1914 – January Footnotes

[1] Dr. Carl L. Alsberg, Chief of the Bureau of Chemistry and. Food and Drug Law Administrator, 1912-1921.

[2] Mary Engle Pennington (1872 – 1952) was an American bacteriological chemist and refrigeration engineer. Her involvement with refrigerated boxcar design at the Food Research Laboratory led to an interest in the entire process of transporting and storing perishable food, including both refrigerated transport and home refrigeration.

[3] The Heinz Ocean Pier, also called “The Crystal Palace by the Sea” or “The Sea Shore Home of the 57 Varieties,” was an attraction in Atlantic City from 1899 to 1944. Visitors could attend demonstrations and lectures, obtain free samples of Heinz products, relax in a rocking chair in the reading room, or view the collection of art and curiosities, since the main area of the pavilion contained an exhibition of 144 paintings, bronzes, tapestries and curios some of which had been shown at the Columbian World Exposition. Heinz Pier was washed away in a hurricane in September 1944. In the forty-six years of its existence, an estimated 50 million people visited the pier, and every one of them was offered the Heinz pickle pin.

[4] Million Dollar Pier was built by Captain John L. Young in partnership with Kennedy Crossan a builder from Philadelphia. In 1906 he announced that he was going to build a new pier “to cost a million dollars!” at the foot of Arkansas Avenue.

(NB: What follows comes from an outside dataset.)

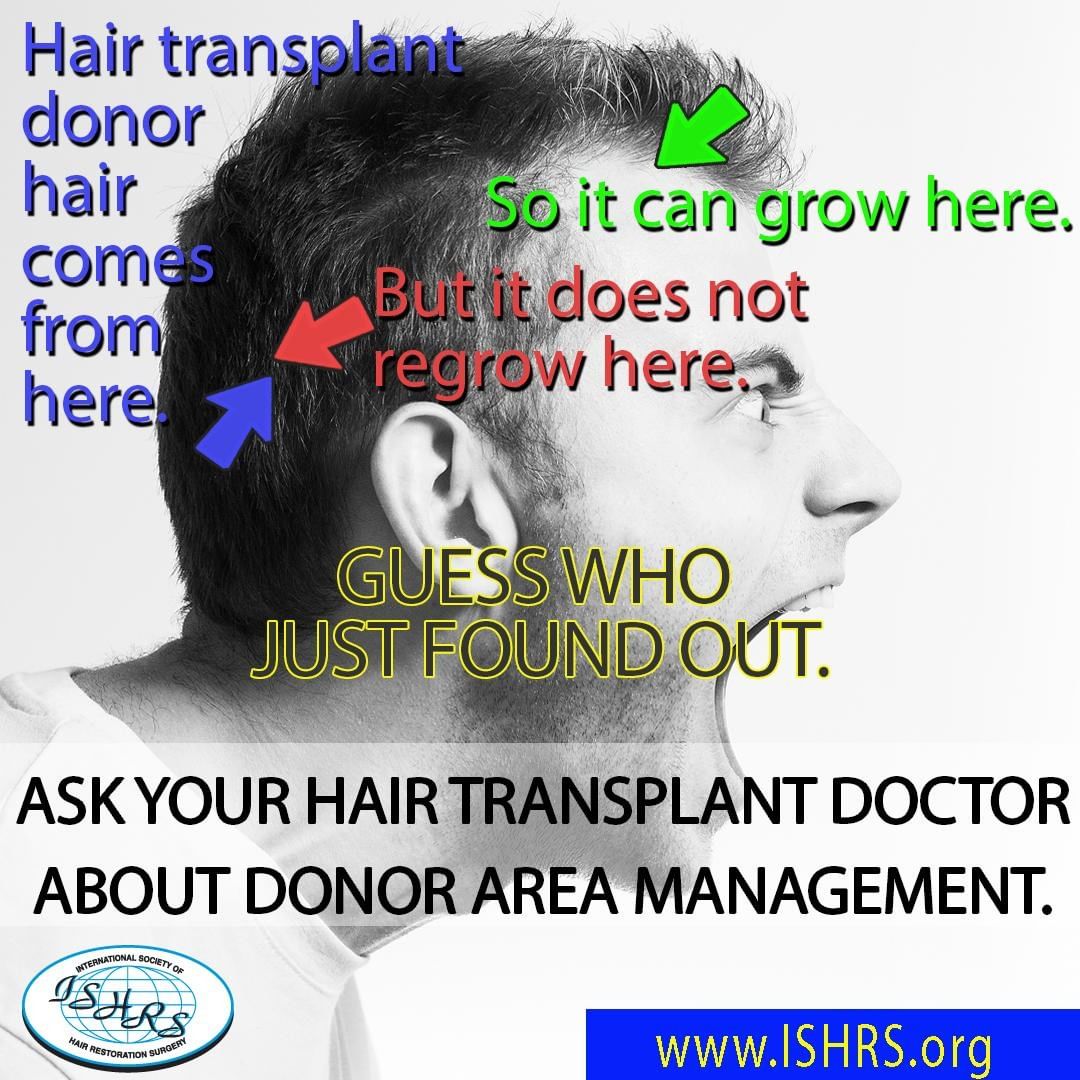 Hair transplant surg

The new pier opened as Young’s Million Dollar Pier on July 26, 1906, with a length of 1,900 feet (580 m). The Million Dollar Pier had what was claimed to be the world’s largest ballroom, as well as a Hippodrome Theater with 4,000 seats, Exhibit Hall, Greek Temple, aquarium and a roller skating rink. In 1908 Young built a mansion on the pier for himself, with the address as “No. 1 Atlantic Ocean.” At the ocean end of the pier, there were daily fish net hauls that were often directed by Captain Young himself.

[5] Agnes Repplier (1855 – 1950) was an American essayist. She became one of America’s chief representatives of the discursive essay, displaying wide reading and apt quotation. Her writings contain literary criticism as well as comments on contemporary life. These characteristics were already apparent in the first essay which she contributed to the Atlantic Monthly (April 1886), entitled “Children, Past and Present.”

[6] Henry Allingham was an old family friend of Kate’s. Son of artist, Helen Allingham R.W.S. Married to Nell.